For all the complaining among the rescued countries, Germany has proven very generous in terms of the amount of money it has committed to a new EU sovereign rescue fund. Yet Germany also has insisted, in exchange for its participation in these bailouts, on interest rate hikes at the European Central Bank and that the countries involved make deep cuts in public spending, open up labor force regulations and raise retirement ages. Portugal announced Tuesday it had reached a 78 billion euro ($116 billion) bailout deal, agreeing to reduce its deficit to 3 percent of GDP in 2013.
While most economists see these reforms as long overdue in places like Greece and Portugal, they also come amid deep recessions in the euro zone’s peripheral nations. In effect, ordering up austerity during deep downturns, German policymakers may have ensured that these smaller economies will fail to produce the growth necessary to ultimately turn things around.
The worse already appears imminent in Greece, bailed out last year but now increasingly unable to live up to the terms of its rescue. There is open talk among Greek politicians now of imposing huge losses on the holders of Greek government bonds — a “haircut” which would effectively end Greece’s access to international borrowing, making it either a ward of the EU or, worse, subject it to expulsion from the common currency.

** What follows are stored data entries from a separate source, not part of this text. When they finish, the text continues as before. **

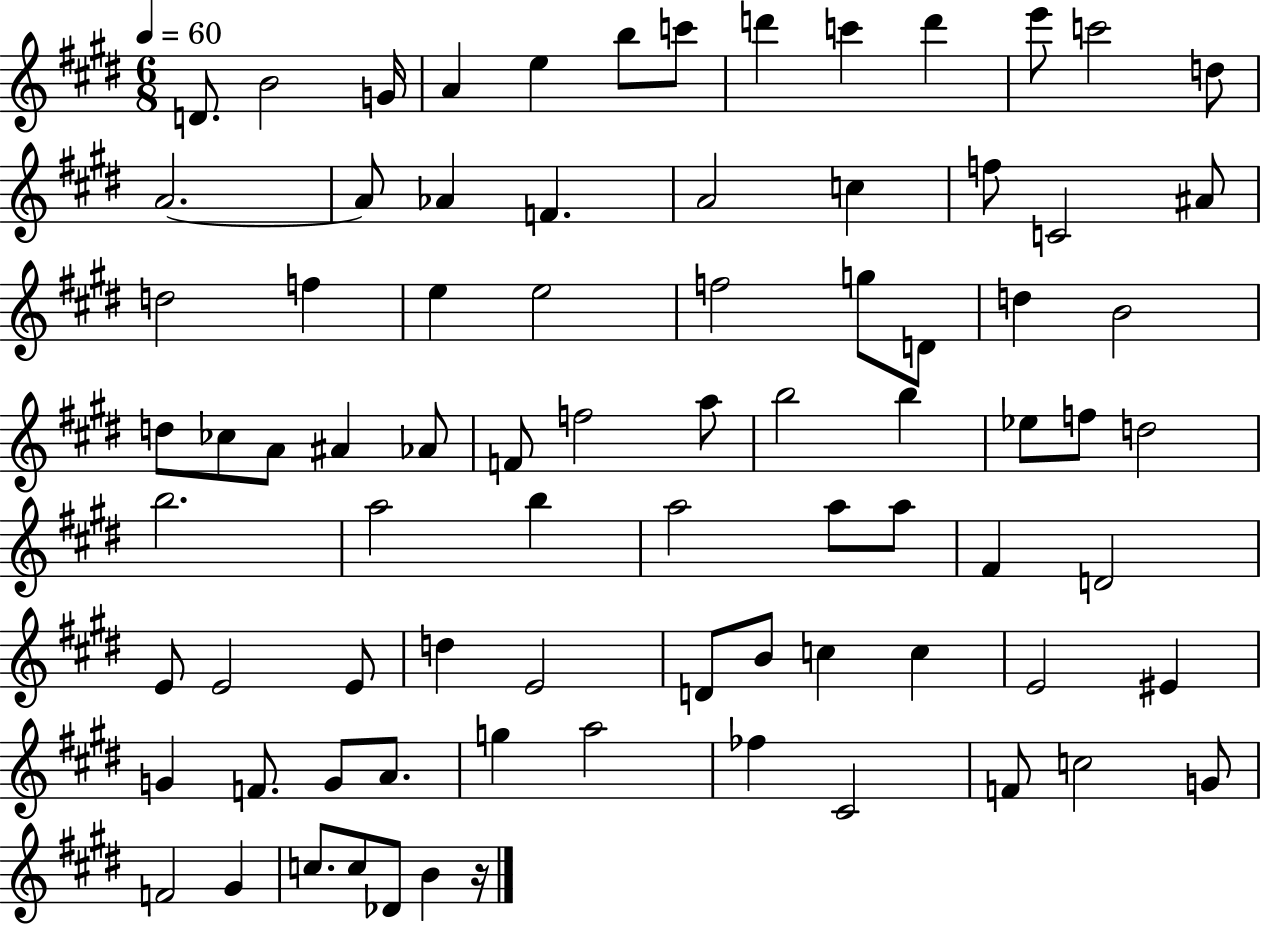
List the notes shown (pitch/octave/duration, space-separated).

D4/e. B4/h G4/s A4/q E5/q B5/e C6/e D6/q C6/q D6/q E6/e C6/h D5/e A4/h. A4/e Ab4/q F4/q. A4/h C5/q F5/e C4/h A#4/e D5/h F5/q E5/q E5/h F5/h G5/e D4/e D5/q B4/h D5/e CES5/e A4/e A#4/q Ab4/e F4/e F5/h A5/e B5/h B5/q Eb5/e F5/e D5/h B5/h. A5/h B5/q A5/h A5/e A5/e F#4/q D4/h E4/e E4/h E4/e D5/q E4/h D4/e B4/e C5/q C5/q E4/h EIS4/q G4/q F4/e. G4/e A4/e. G5/q A5/h FES5/q C#4/h F4/e C5/h G4/e F4/h G#4/q C5/e. C5/e Db4/e B4/q R/s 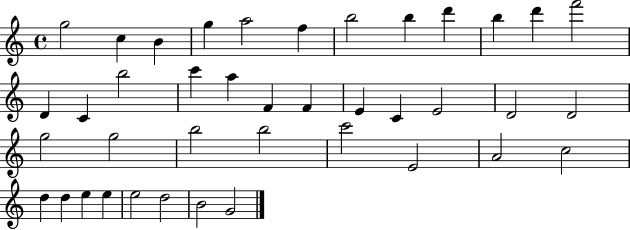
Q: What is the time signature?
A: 4/4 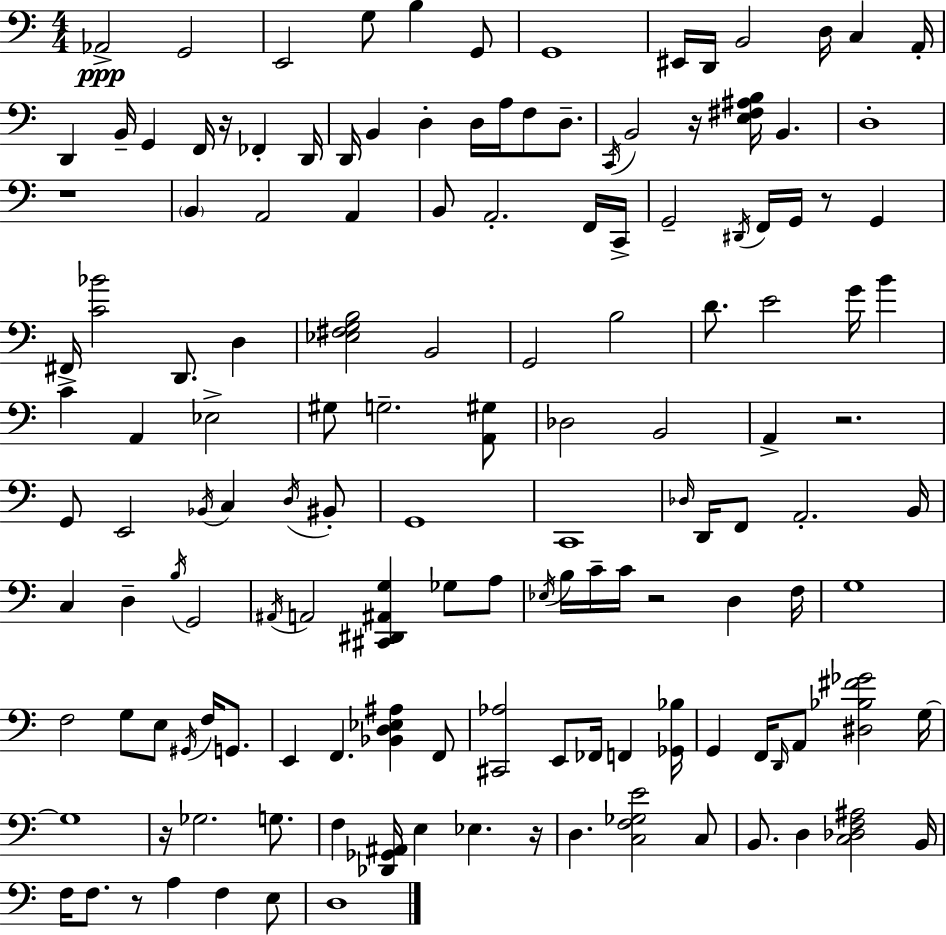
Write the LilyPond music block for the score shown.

{
  \clef bass
  \numericTimeSignature
  \time 4/4
  \key a \minor
  \repeat volta 2 { aes,2->\ppp g,2 | e,2 g8 b4 g,8 | g,1 | eis,16 d,16 b,2 d16 c4 a,16-. | \break d,4 b,16-- g,4 f,16 r16 fes,4-. d,16 | d,16 b,4 d4-. d16 a16 f8 d8.-- | \acciaccatura { c,16 } b,2 r16 <e fis ais b>16 b,4. | d1-. | \break r1 | \parenthesize b,4 a,2 a,4 | b,8 a,2.-. f,16 | c,16-> g,2-- \acciaccatura { dis,16 } f,16 g,16 r8 g,4 | \break fis,16-> <c' bes'>2 d,8. d4 | <ees fis g b>2 b,2 | g,2 b2 | d'8. e'2 g'16 b'4 | \break c'4 a,4 ees2-> | gis8 g2.-- | <a, gis>8 des2 b,2 | a,4-> r2. | \break g,8 e,2 \acciaccatura { bes,16 } c4 | \acciaccatura { d16 } bis,8-. g,1 | c,1 | \grace { des16 } d,16 f,8 a,2.-. | \break b,16 c4 d4-- \acciaccatura { b16 } g,2 | \acciaccatura { ais,16 } a,2 <cis, dis, ais, g>4 | ges8 a8 \acciaccatura { ees16 } b16 c'16-- c'16 r2 | d4 f16 g1 | \break f2 | g8 e8 \acciaccatura { gis,16 } f16 g,8. e,4 f,4. | <bes, d ees ais>4 f,8 <cis, aes>2 | e,8 fes,16 f,4 <ges, bes>16 g,4 f,16 \grace { d,16 } a,8 | \break <dis bes fis' ges'>2 g16~~ g1 | r16 ges2. | g8. f4 <des, ges, ais,>16 e4 | ees4. r16 d4. | \break <c f ges e'>2 c8 b,8. d4 | <c des f ais>2 b,16 f16 f8. r8 | a4 f4 e8 d1 | } \bar "|."
} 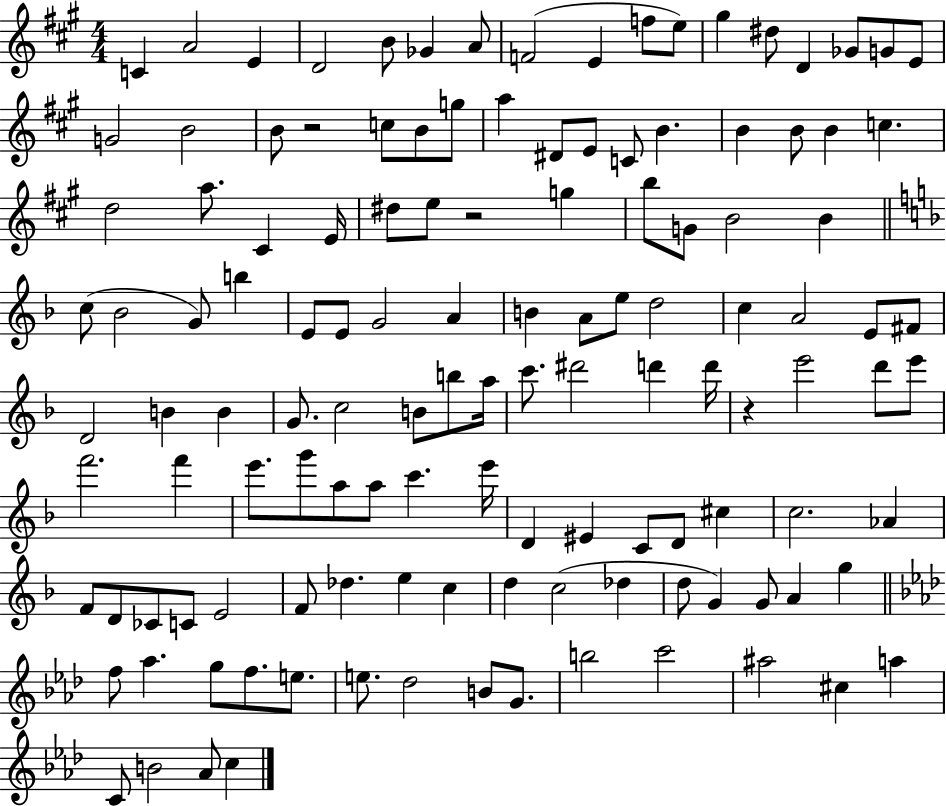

Navigating the rolling train wreck of sovereign debt in the euro zone has proven almost impossible for the complex, supra-national politics of the EU. Efforts to absorb relatively inefficient and uncompetitive economies into the larger EU during good times paid too little attention to fiscal matters.
In spite of the fact that both Germans and, say, Spaniards get paid in euros for their labors, their governments are still free to set their own national spending policies separately. In most cases, this means borrowing on world bond markets to fund chronic deficits. The lack of discipline in some of these countries has now come home to roost.
Once the global financial crisis exposed the risks that European banks had exposed themselves to by lending to profligate peripheral governments, international bond markets rebelled. The costs of borrowing to cover government spending spiraled out of reach for the Greek, Irish and Portuguese governments.
Will Spain now follow? The world should hope not. Spain, with an economy that ranks as the 12th largest in the world according to the World Bank, will not slip beneath the waves quietly. The world’s banks, mostly European but also many large American, Arab and Japanese banks, are deeply exposed to Spain’s debt woes, which have their roots in a property bubble that burst in 2007.
Unfortunately, the handling of the crisis by euro zone governments — again, taking their cue from Germany — continues to be marked by denial (as to the depth of the crisis), shortsightedness and political self-interest. At best, the current approach is pushing off the day of reckoning; at worst, it is allowing a much larger crisis to fester, threatening not only the ability of Spain and other governments to repay their debts, but the viability of the European Union itself.